FMS könnte eine besondere Form neuropathischer Schmerzen sein
Organische Ursache des Fibromyalgie Syndroms (FMS)
Die organische oder psychosomatische Ursache (Ätiologie) des FMS ist bisher nur sehr unzureichend verstanden. Welche Abweichung vom Gesunden zur Ausbildung eines FMS führt, können Ärzte bisher nicht eindeutig benennen.

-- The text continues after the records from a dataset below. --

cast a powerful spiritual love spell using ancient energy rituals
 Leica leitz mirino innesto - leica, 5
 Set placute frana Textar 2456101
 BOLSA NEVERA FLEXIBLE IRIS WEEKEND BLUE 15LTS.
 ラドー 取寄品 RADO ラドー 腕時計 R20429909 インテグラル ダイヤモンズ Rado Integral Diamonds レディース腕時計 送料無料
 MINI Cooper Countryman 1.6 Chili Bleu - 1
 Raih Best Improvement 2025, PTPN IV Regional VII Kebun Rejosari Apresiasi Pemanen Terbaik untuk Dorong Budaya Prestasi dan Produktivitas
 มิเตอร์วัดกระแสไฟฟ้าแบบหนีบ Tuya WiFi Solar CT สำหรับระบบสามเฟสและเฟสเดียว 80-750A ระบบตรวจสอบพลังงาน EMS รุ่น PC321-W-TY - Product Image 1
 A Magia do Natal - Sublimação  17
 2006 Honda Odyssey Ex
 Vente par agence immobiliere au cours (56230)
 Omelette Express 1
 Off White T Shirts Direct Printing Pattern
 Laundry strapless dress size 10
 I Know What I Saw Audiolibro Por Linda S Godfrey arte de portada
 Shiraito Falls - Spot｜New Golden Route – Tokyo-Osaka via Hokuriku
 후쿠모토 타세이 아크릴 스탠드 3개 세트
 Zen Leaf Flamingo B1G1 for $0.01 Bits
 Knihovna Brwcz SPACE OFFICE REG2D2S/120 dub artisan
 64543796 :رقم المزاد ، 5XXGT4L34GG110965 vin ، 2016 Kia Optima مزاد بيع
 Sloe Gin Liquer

So erstaunt es nicht, dass Hilfe suchenden Patienten von ihren behandelnden Ärzten zahlreiche, einander auch widersprechende Erklärungen zum individuellen Krankheitsverlauf (Pathogenese) vorgetragen werden. Forscher der Universität Würzburg identifizierten nun eine Schädigung der kleinen Nervenfasern in der Haut, die für Schmerz- und Temperaturempfinden verantwortlich sind, als organische Ursache des FMS.
Die Symptome des FMS sind vielfältig, die Diagnose ist schwer zu stellen, eine Therapie kann bestenfalls die Symptome lindern, heilen kann sie nicht. Neue Forschungsergebnisse der Julius-Maximilians-Universität in Würzbug deuten darauf hin, dass es eine eindeutig organische Ursache für das Auftreten des FMS gibt.
Die Forscher um die Privatdozentin Dr. med. habil. Nurcan Üçeyler konnten bei FMS-Patienten Schäden an den kleinkalibrigen schmerzleitenden Nervenfasern (small fibers) feststellen. Die kleinen Nervenfasern liegen in der Haut, sie reagieren auf Schmerzauslöser aber auch auf Temperaturänderungen. Das könnte erklären warum die Mehrzahl der FMS-Patienten sehr sensibel auf Wetterwechsel reagiert. Ein Grund mehr, sich aktiv am aktuellen Forschungsprojekt Fibromyalgie hier auf Menschenswetter zu beteiligen und ein Biowetter-Protokoll zu führen.
Für ihre Studie haben die Forscher aus Würzburg 35 Patienten untersucht. 25 von ihnen litten am FMS, zehn waren an einer Depression erkrankt ohne am FMS oder anderen Schmerzsyndromen zu leiden. Zudem wurden Menschen ohne FMS und Depression als Kontrollgruppe in die Untersuchung eingeschlossen. Analysiert wurde die Wahrnehmungs- und Schmerzschwellen der kleinen Nervenfasern bei Wärmeeinwirkung (quantitative sensorische Testung, QST) und deren elektrische Erregbarkeit (pain-related evoked potentials, PREP). An kleinen Gewebeproben (Biopsie) aus der Haut wurden die kleinen Nervenfasern auch mikroskopisch nach Veränderungen gesucht. „Diese drei Methoden sind somit objektive Verfahren, die sich bei der Beurteilung der kleinen Nervenfasern ergänzen und deren mehrdimensionale Analyse erlauben“ erläutert Studienleiterin Üçeyler die Auswahl der Untersuchungsmethode.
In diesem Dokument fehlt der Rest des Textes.